Working with tracking data to investigate goalkeeper pressure
15 September 2023
It’s a joke in football analytics that, when looking at a new attacking metric, you sort the players top to bottom and look for Lionel Messi. Similarly, if you create a metric about goalkeepers holding onto the ball under pressure (and call it ‘heart attack’), you do the same and look for Manuel Neuer.
This project – diving into a publicly-available trove of Skillcorner broadcast tracking data – didn’t start with goalkeepers though. It started with a quote from Xavi about long balls, hit some educational roadbumps, and ended with the German stopper.
Along the way, we:
- Process some raw tracking data (Jump to section)
- Encounter and deal with some problems with (broadcast) tracking data (Jump to section)
- Refine project ideas (Jump to section)
- Create new metrics (Jump to section)
An example of a 'heart attack' - pitch plotting with the help of mplsoccer Python package:
A brief, patchy history of generating event data from tracking data
History is the oldest source of riveting tales and the idea of generating event data from tracking data is no different.
One of the most recent pieces of work came from Ferran Vidal-Cordina of MIT and three FIFA researchers*, ‘Automatic event detection in football using tracking data’ (2022). As they write, though, work predates them by a long time.
*Nicolas Evans, Bahaeddine El Fakir, Johsan Billingham
For one, the SoccerNet dataset, collaborators, and challenges date back to 2018. ‘Automatic event detection’ also references a paper from way back in 2003, ‘Semantic annotation of soccer videos: automatic highlights identification’, which in turn points to ‘Automatic parsing of TV soccer programs’, a paper from the mid-90s that is even older than me. While this earlier work isn’t about generating event data per se, it’s a clear predecessor to it, focusing on using computers to go from video to an output without the need for human tagging.

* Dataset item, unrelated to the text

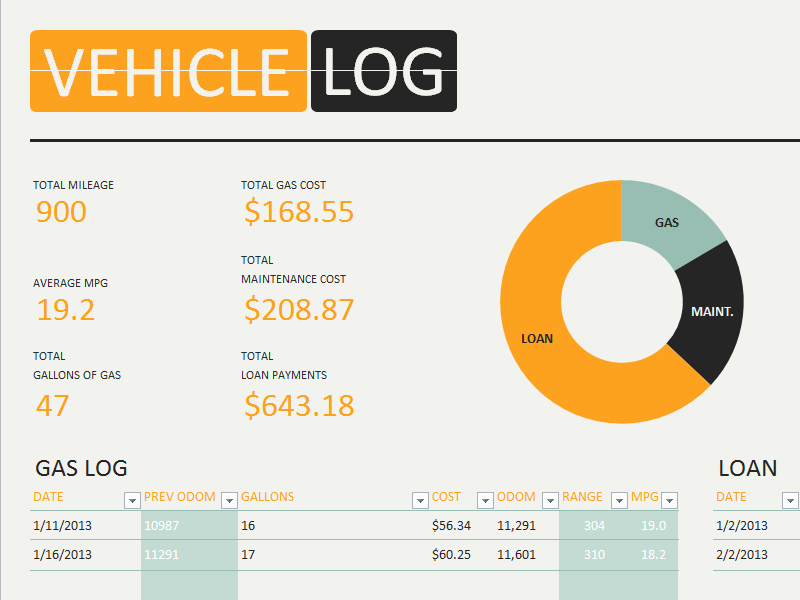 Fuel Log Book Template Excel Lovely Vehicle Log Book for Microsoft Excel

‘Automatic event detection’, though, is expressly about event data generation from tracking data. To simplify its method: they check for when the ball is within a given distance (a ‘possession zone’) of a player, and ‘events’ happen when the ball leaves a player’s possession zone to arrive in another’s. Unlike previous work which focused heavily on shots and breaks in play, this could pick up passes as well.
This wasn’t the method I set out to use.
The initial project
You probably don’t associate Xavi Hernández with long ball football, but this was the starting point for my project.
It was based on a quote from the former Barcelona player (and now Barcelona manager) in one of his appearances on the Coaches Voice YouTube channel, talking about some of his tactics as manager of Qatari side Al Sadd. “If they [the opposition] play the long ball? Here’s the key to success. […] The goalkeeper sends a long ball forward, so we must all drop back – and always in front of our marker. […] We’re always one metre in front of our man in order to win the second ball, which is so important in football today.”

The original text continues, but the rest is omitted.